Solving optimization problems is essential for many engineering applications and research tools. In a previous report, we proposed a new optimization method, MOST (Monte Carlo Stochastic Optimization), using the Monte Carlo method, and applied it to benchmark problems for optimization methods, and optimization of neural network machine learning. While the proposed method MOST was a single objective, this study is an extension of MOST so that it can be applied to multi-objective functions for the purpose of improving generality. As the verification, it was applied to the optimization problem with the restriction condition first, and it was also applied to the benchmark problem for the multi-objective optimization technique verification, and the validity was confirmed.
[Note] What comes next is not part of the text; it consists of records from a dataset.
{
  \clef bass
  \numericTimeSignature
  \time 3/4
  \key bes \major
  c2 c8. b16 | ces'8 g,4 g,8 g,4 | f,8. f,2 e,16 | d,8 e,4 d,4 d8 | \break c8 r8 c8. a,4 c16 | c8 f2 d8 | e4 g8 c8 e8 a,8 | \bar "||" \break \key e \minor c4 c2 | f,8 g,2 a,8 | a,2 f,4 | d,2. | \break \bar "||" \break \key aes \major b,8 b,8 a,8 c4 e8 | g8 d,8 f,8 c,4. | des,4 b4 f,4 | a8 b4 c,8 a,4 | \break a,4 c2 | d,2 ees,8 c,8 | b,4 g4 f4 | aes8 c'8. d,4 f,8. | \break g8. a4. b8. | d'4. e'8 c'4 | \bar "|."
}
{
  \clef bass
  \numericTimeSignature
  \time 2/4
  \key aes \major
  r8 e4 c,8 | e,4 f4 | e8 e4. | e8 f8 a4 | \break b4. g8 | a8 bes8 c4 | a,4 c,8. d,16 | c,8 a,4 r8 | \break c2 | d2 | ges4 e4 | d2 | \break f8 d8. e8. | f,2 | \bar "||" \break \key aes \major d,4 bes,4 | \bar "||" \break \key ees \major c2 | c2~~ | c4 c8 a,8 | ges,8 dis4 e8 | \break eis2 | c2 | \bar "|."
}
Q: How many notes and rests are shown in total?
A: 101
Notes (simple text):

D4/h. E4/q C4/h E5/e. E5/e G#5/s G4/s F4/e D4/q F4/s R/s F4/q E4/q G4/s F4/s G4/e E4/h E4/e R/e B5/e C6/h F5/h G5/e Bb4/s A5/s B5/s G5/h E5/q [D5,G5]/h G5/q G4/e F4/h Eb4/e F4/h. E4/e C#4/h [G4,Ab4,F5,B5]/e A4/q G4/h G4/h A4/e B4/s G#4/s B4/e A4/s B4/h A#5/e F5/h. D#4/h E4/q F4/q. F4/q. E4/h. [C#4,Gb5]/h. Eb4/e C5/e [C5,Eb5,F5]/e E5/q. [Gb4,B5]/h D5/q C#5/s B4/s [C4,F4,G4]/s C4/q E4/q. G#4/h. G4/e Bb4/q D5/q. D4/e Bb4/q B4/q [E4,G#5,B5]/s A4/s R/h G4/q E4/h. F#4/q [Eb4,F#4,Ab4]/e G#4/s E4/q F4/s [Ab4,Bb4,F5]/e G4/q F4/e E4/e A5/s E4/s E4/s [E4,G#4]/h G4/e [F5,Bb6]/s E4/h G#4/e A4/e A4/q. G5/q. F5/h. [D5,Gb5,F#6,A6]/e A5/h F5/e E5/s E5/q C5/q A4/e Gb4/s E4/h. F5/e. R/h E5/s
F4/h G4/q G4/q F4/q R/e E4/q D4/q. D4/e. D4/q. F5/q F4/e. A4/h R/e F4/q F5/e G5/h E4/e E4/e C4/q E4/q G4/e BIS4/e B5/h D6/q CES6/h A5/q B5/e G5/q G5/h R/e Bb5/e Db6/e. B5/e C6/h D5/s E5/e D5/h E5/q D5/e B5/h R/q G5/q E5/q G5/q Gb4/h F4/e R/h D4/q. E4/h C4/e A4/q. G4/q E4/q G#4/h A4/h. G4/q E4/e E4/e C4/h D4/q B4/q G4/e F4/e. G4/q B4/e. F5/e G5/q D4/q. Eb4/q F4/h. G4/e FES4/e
For comparison, the calculation by genetic algorithm was also carried out, and it was confirmed that MOST was excellent in calculation accuracy and calculation time.

Suggested Citation

  • Inage, Sin-ichi & Ohgi, Shouki & Takahashi, Yoshinori, 2024. "Proposal and validation of an optimization method using Monte Carlo method for multi-objective functions," Mathematics and Computers in Simulation (MATCOM), Elsevier, vol. 215(C), pages 146-157.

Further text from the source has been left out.